Он подумал, что ныне «Субурбан» мало чем, если вообще, отличается от всех прочих здешних экспонатов.
Тад отправился пешком по проходу между машинами. Он повернул направо на первом пересечении, двинувшись обратно к воротам и оставляя позади магазин запчастей. Около его двери Тад увидел платный телефон-автомат, еще когда въезжал сюда на «Субурбане». Сейчас он вдруг остановился на полпути и перестал петь. Он выглядел словно человек, пытающийся уловить очень тихий и слабый звук. На самом деле ли прислушивался к своему телу, проверяя его.
Зуд и какие-то перемещения под кожей исчезли.
Воробьи ушли, а с ними и Джордж Старк, по крайней мере, на данное время.
Чуть улыбнувшись, Тад зашагал быстрее.
После двух звонков Тад начал потеть. Если Роули еще на месте, он бы уже снял трубку. Служебные комнаты на факультете не столь уж велики. Кому еще мог позвонить Тад? Кто, черт возьми, мог еще там находиться. Никто более не приходит в голову.

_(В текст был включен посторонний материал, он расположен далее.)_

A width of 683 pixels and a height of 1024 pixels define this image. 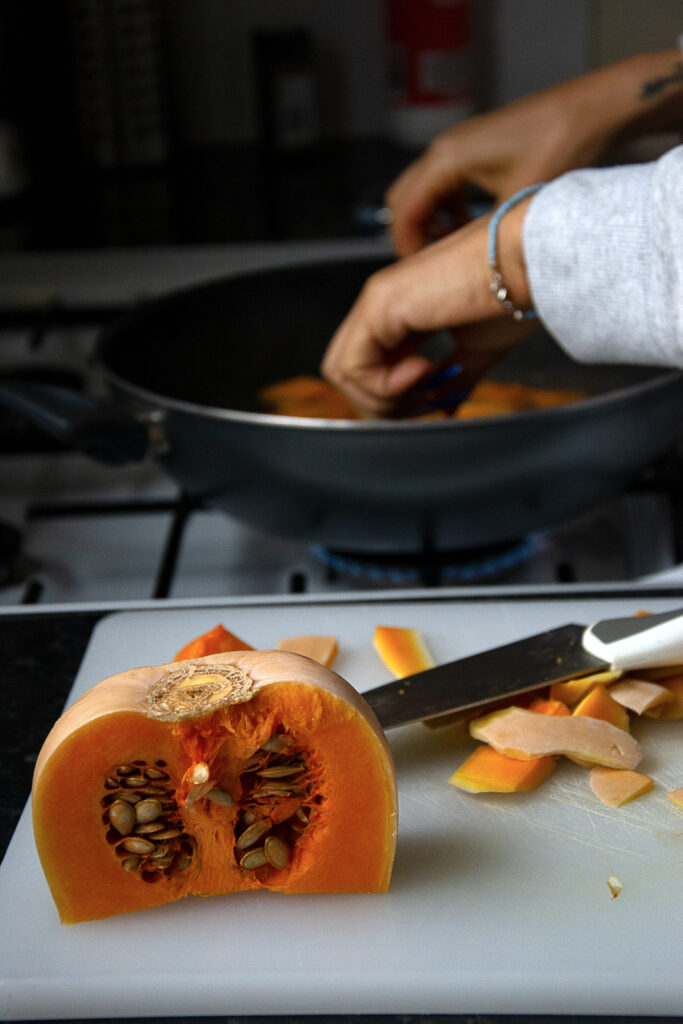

Однако посреди третьего звонка Роули снял трубку.
— Хэллоу, Делессепс.
Тад закрыл глаза при звуке этого всегда прокуренного голоса и на мгновение прижался спиной к холодной металлической стене магазина запчастей.
— Хэллоу?
— Хэй, Роули. Это Тад.
— Хэллоу, Тад. — Роули не слишком удивился, услыша голос Бомонта. — Что-нибудь забыл?
— Нет, Роули. У меня беда.
— Да. — Только это, без вопросов. Роули сказал одно слово и просто ждал.
— Ты знаешь, кто были те двое, — Тад заколебался на мгновение, — те двое парней со мной?
— Да, — спокойной ответил Роули. — Полицейская охрана.
— Я удрал от них, — сказал Тад и бросил быстрый взгляд через плечо, услышав шум подъезжающего на парковочную стоянку для клиентов «Гоулда» автомобиля. Какой-то миг он был просто уверен, что это коричневый «Плимут», и даже увидел его… но это была какая-то иномарка, а то, что он принял за коричневый цвет, оказалось на самом деле темно-красным, да и водитель просто разворачивался, а не искал кого-то здесь. — По крайней мере, я надеюсь, что удрал от них. — Тад сделал пауза. Сейчас он подошел к тому месту, с которого можно было либо прыгнуть вверх, либо — нет, это был единственный выбор, и у Тада не было времени откладывать свое решение. Когда вы подходите к этой точке, вообще то уже и нет каких-либо решений, потому что нет и выбора. — Мне нужна помощь, Роули. Мне нужна машина, о которой они не знают.
Роули молчал.
— Ты говорил, что если чем-нибудь можешь помочь мне, я должен лишь попросить тебя об этом.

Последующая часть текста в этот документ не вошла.